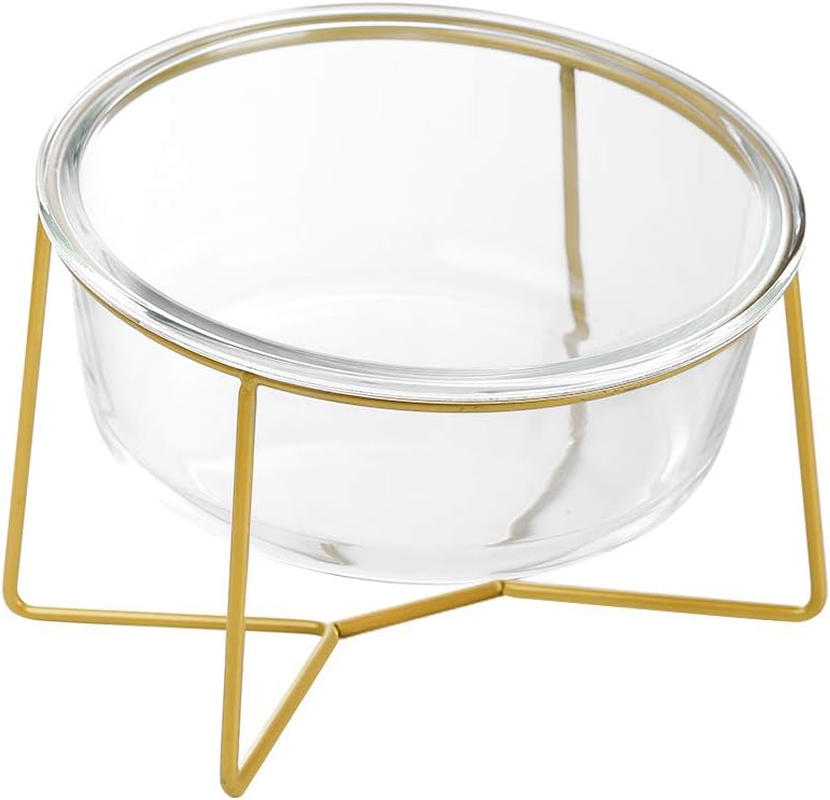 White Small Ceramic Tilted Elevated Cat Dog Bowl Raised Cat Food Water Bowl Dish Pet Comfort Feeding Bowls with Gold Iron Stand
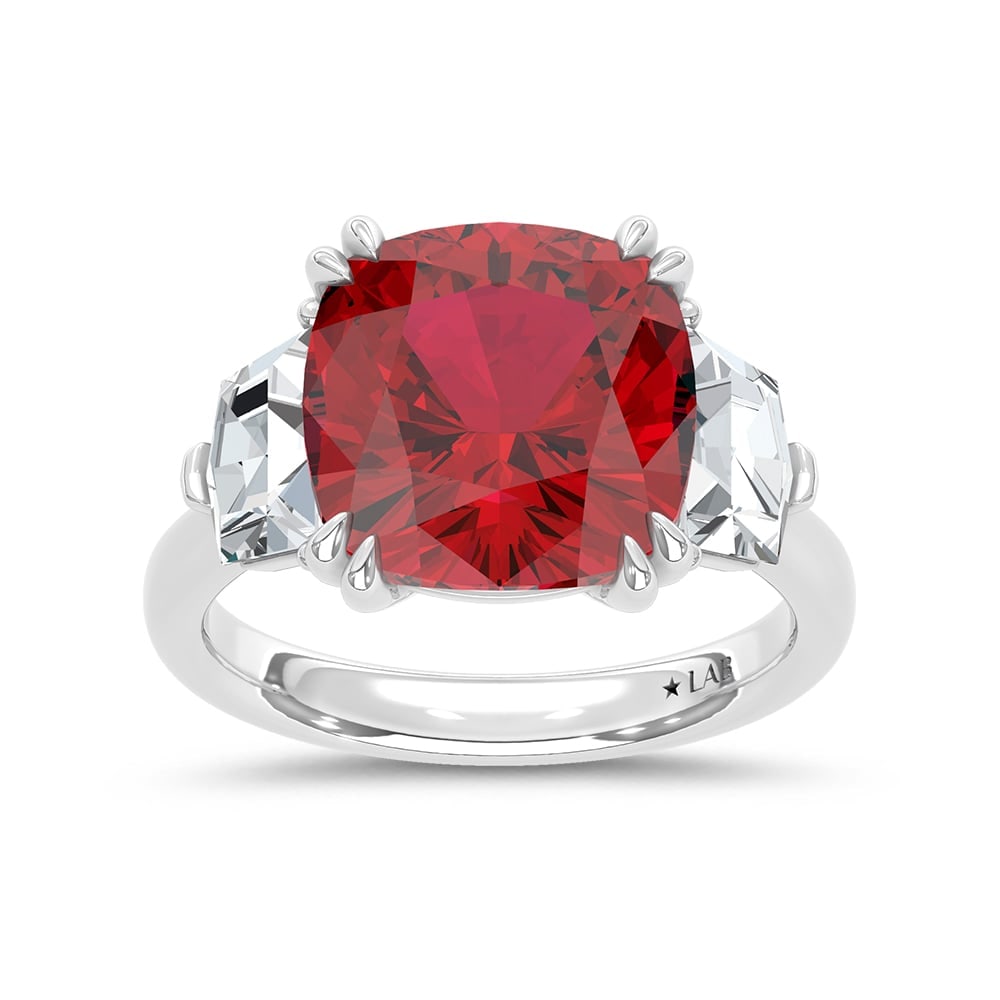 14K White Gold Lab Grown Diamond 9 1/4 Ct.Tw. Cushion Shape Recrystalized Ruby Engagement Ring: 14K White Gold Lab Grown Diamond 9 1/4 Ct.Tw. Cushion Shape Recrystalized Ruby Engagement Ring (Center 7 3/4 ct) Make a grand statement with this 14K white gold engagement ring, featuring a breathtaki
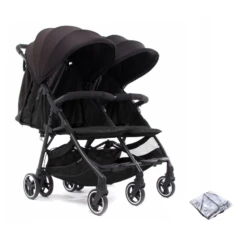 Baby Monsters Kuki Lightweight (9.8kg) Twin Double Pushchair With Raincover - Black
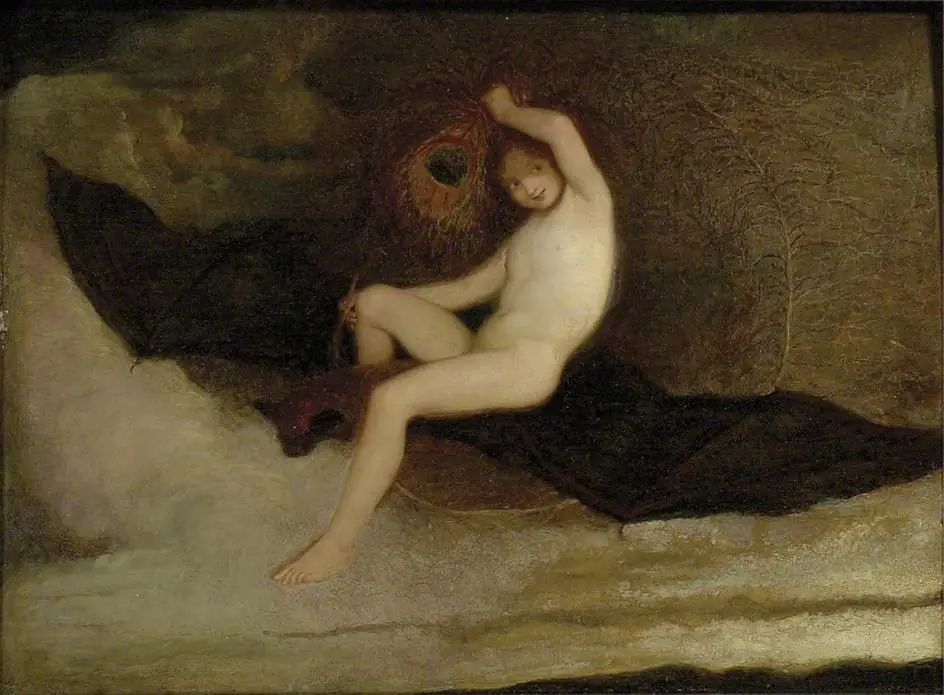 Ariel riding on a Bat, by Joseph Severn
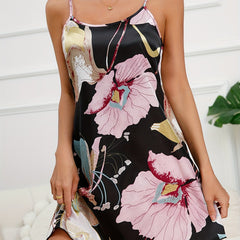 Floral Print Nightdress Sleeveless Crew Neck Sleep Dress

★ ★ ★ ★ ★

__Task goal__:
Leave images out of the retyped records; keep all else exact.

__The answer__:
 White Small Ceramic Tilted Elevated Cat Dog Bowl Raised Cat Food Water Bowl Dish Pet Comfort Feeding Bowls with Gold Iron Stand
 14K White Gold Lab Grown Diamond 9 1/4 Ct.Tw. Cushion Shape Recrystalized Ruby Engagement Ring: 14K White Gold Lab Grown Diamond 9 1/4 Ct.Tw. Cushion Shape Recrystalized Ruby Engagement Ring (Center 7 3/4 ct) Make a grand statement with this 14K white gold engagement ring, featuring a breathtaki
 Baby Monsters Kuki Lightweight (9.8kg) Twin Double Pushchair With Raincover - Black
 Ariel riding on a Bat, by Joseph Severn
 Floral Print Nightdress Sleeveless Crew Neck Sleep Dress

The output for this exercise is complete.